§ Action item
Copy out all of the data word for word. Omit every picture.

§ Dataset records
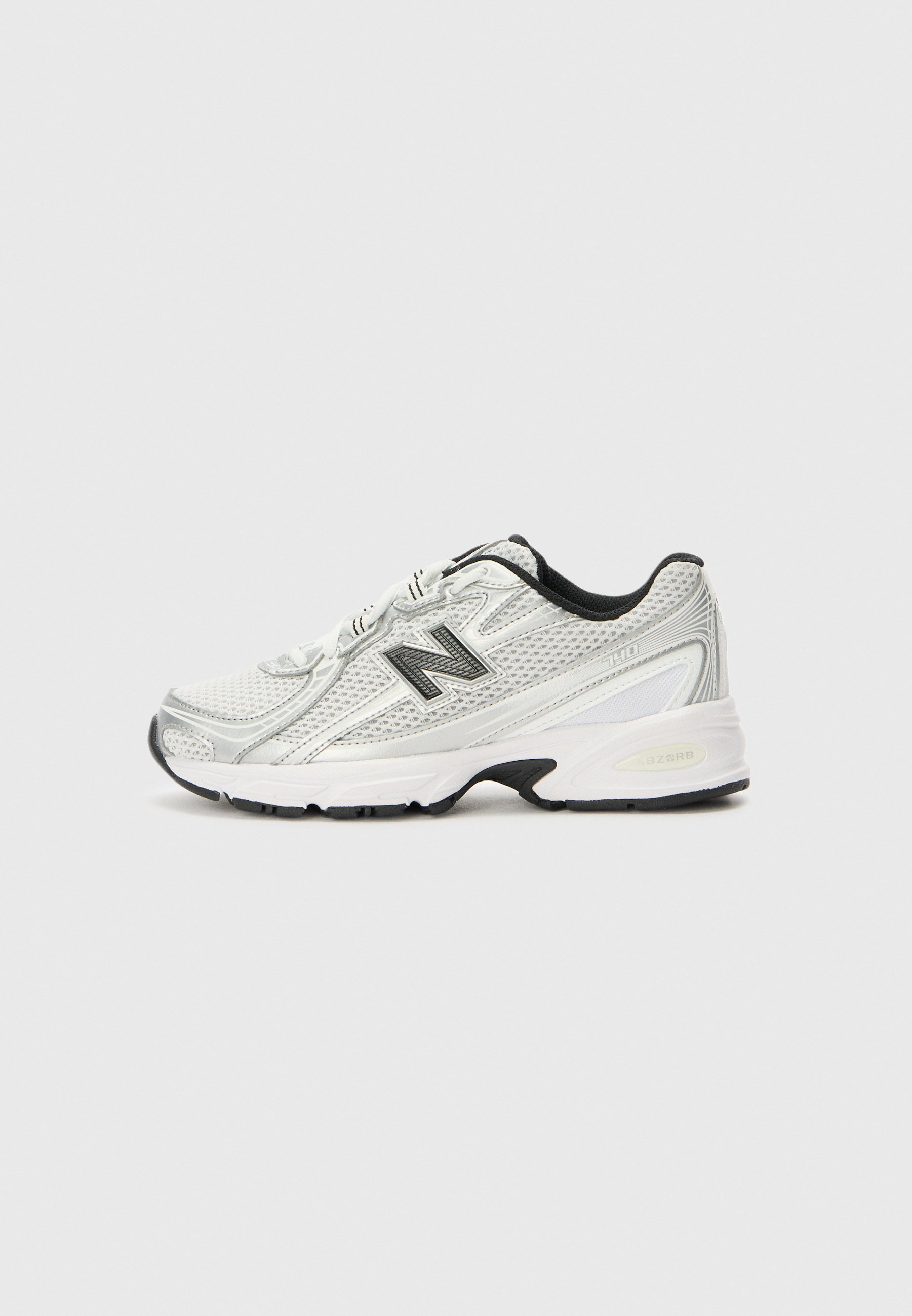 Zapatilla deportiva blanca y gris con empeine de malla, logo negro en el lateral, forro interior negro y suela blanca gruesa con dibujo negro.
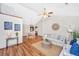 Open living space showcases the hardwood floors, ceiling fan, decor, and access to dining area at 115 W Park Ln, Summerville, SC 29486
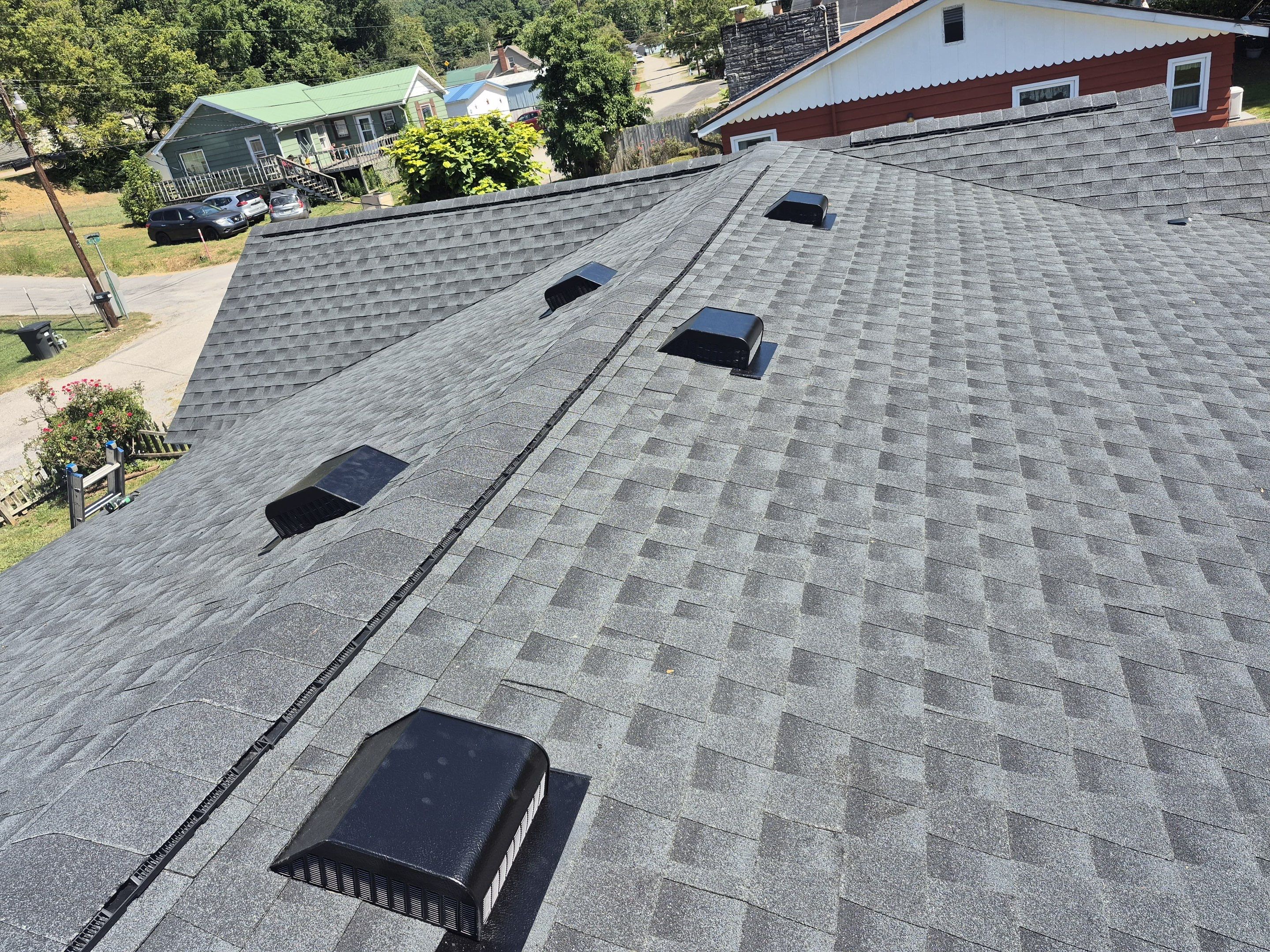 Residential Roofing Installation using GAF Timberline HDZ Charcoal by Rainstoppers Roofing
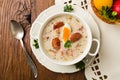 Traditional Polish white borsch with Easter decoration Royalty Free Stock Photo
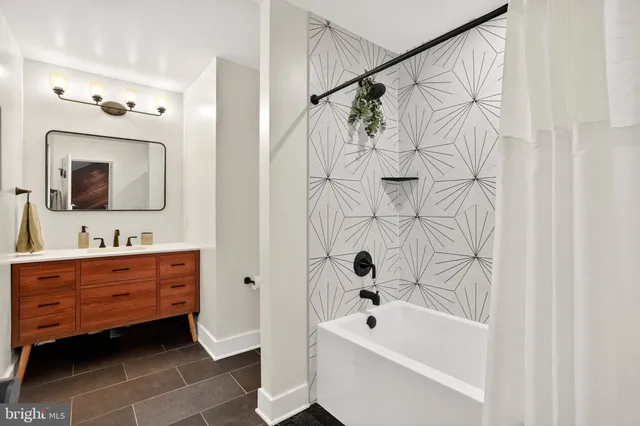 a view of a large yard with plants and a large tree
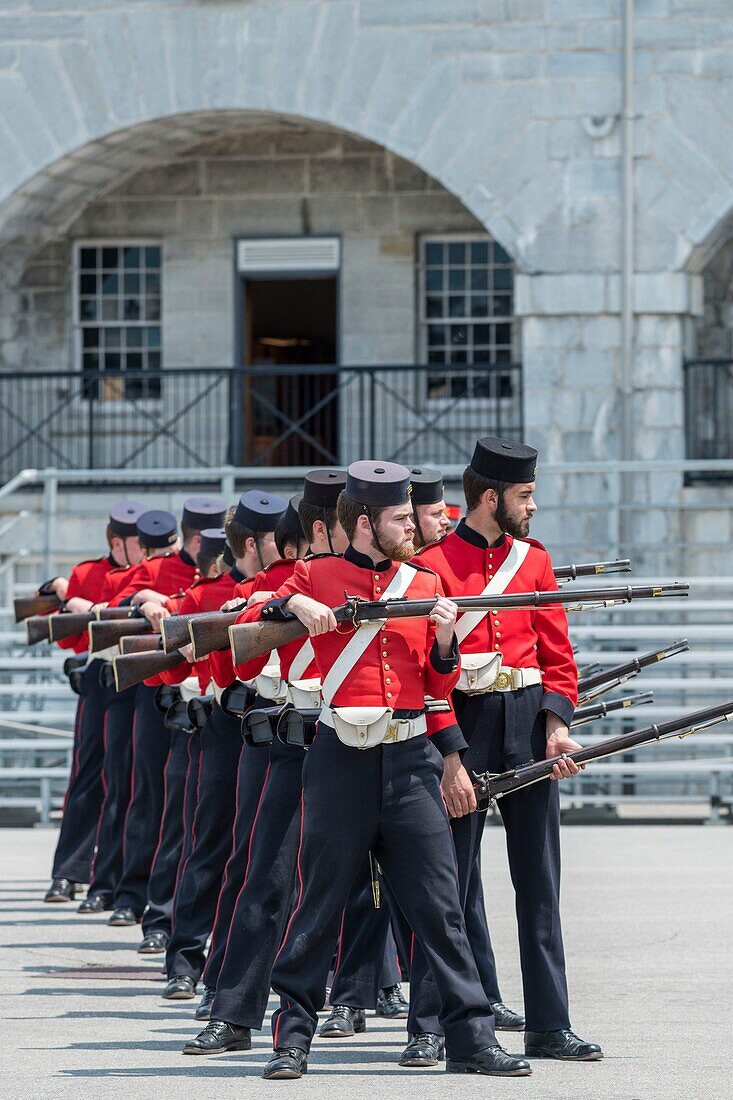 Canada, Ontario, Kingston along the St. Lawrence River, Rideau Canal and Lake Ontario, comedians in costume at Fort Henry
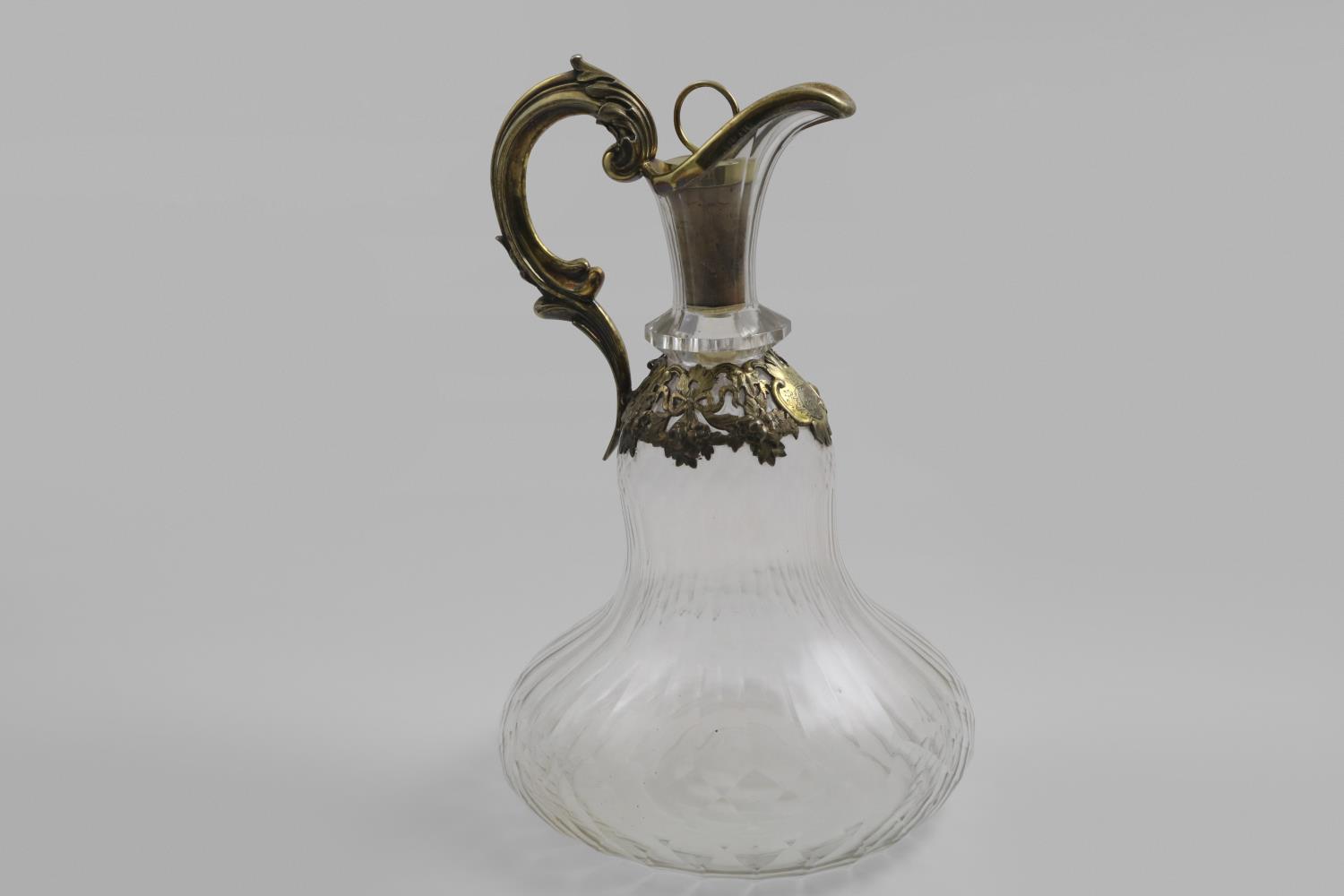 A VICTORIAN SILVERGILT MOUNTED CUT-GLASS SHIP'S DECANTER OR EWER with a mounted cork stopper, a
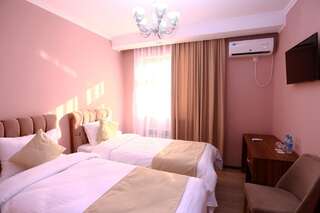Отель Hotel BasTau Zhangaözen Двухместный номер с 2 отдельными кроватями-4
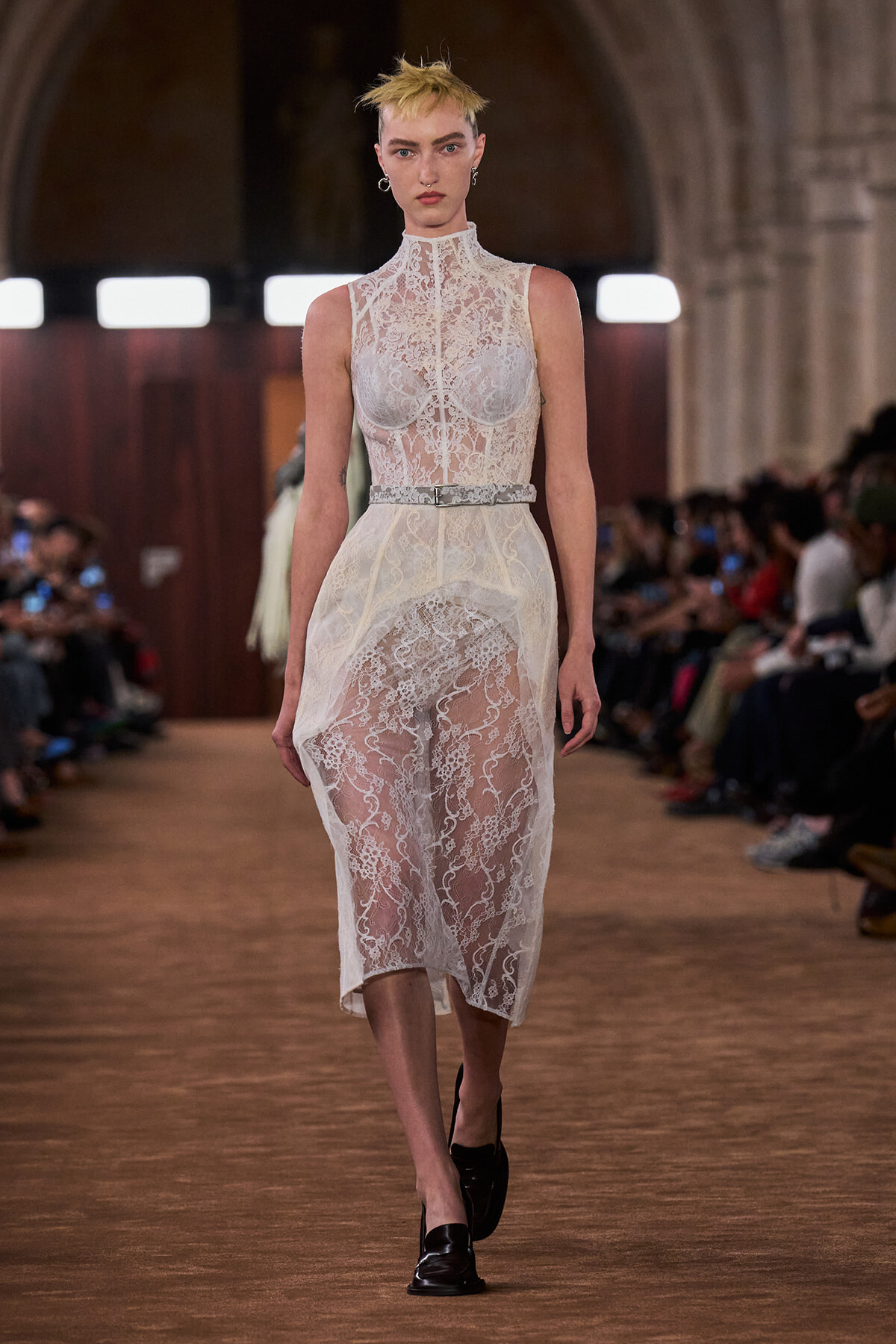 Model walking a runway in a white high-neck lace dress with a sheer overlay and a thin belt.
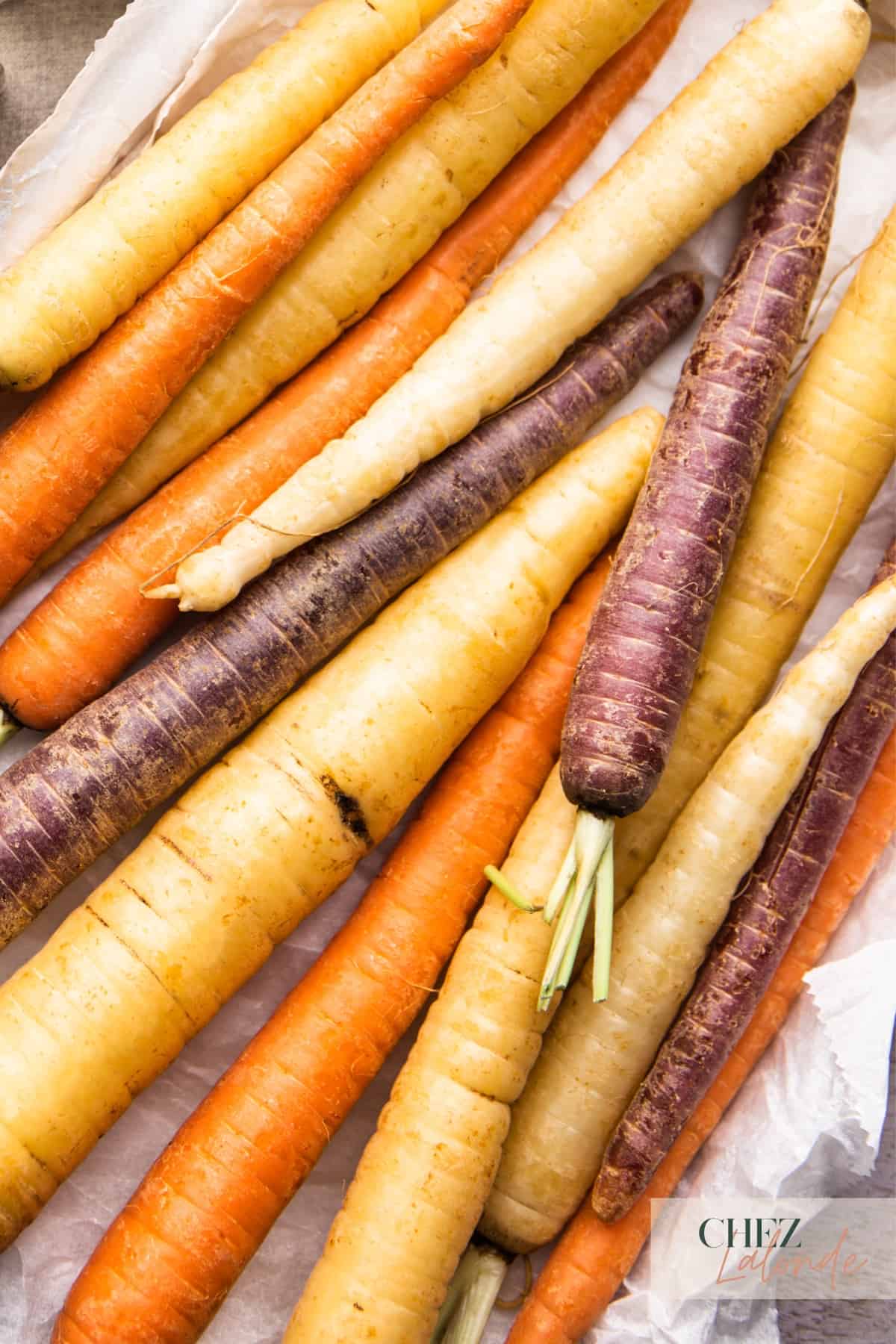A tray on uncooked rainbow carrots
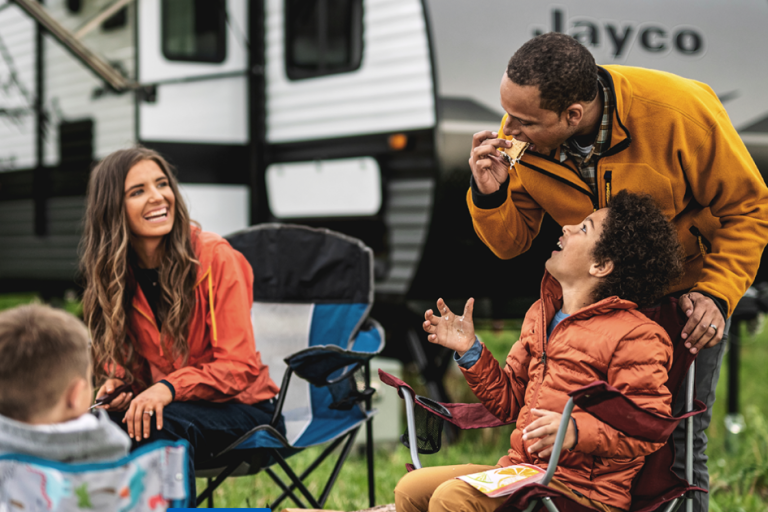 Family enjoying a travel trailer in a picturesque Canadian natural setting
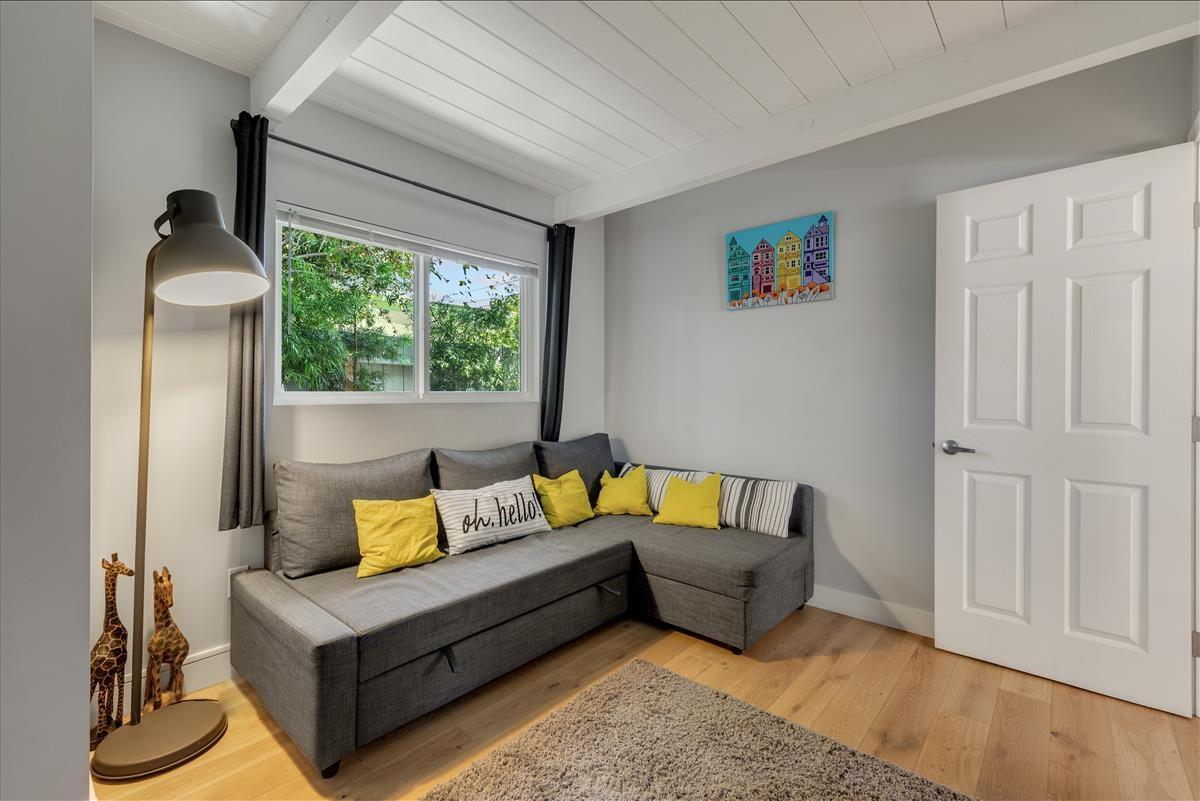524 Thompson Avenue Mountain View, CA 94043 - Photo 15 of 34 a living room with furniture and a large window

§ Output
 Zapatilla deportiva blanca y gris con empeine de malla, logo negro en el lateral, forro interior negro y suela blanca gruesa con dibujo negro.
 Open living space showcases the hardwood floors, ceiling fan, decor, and access to dining area at 115 W Park Ln, Summerville, SC 29486
 Residential Roofing Installation using GAF Timberline HDZ Charcoal by Rainstoppers Roofing
 Traditional Polish white borsch with Easter decoration Royalty Free Stock Photo
 a view of a large yard with plants and a large tree
 Canada, Ontario, Kingston along the St. Lawrence River, Rideau Canal and Lake Ontario, comedians in costume at Fort Henry
 A VICTORIAN SILVERGILT MOUNTED CUT-GLASS SHIP'S DECANTER OR EWER with a mounted cork stopper, a
Отель Hotel BasTau Zhangaözen Двухместный номер с 2 отдельными кроватями-4
 Model walking a runway in a white high-neck lace dress with a sheer overlay and a thin belt.
A tray on uncooked rainbow carrots
 Family enjoying a travel trailer in a picturesque Canadian natural setting
524 Thompson Avenue Mountain View, CA 94043 - Photo 15 of 34 a living room with furniture and a large window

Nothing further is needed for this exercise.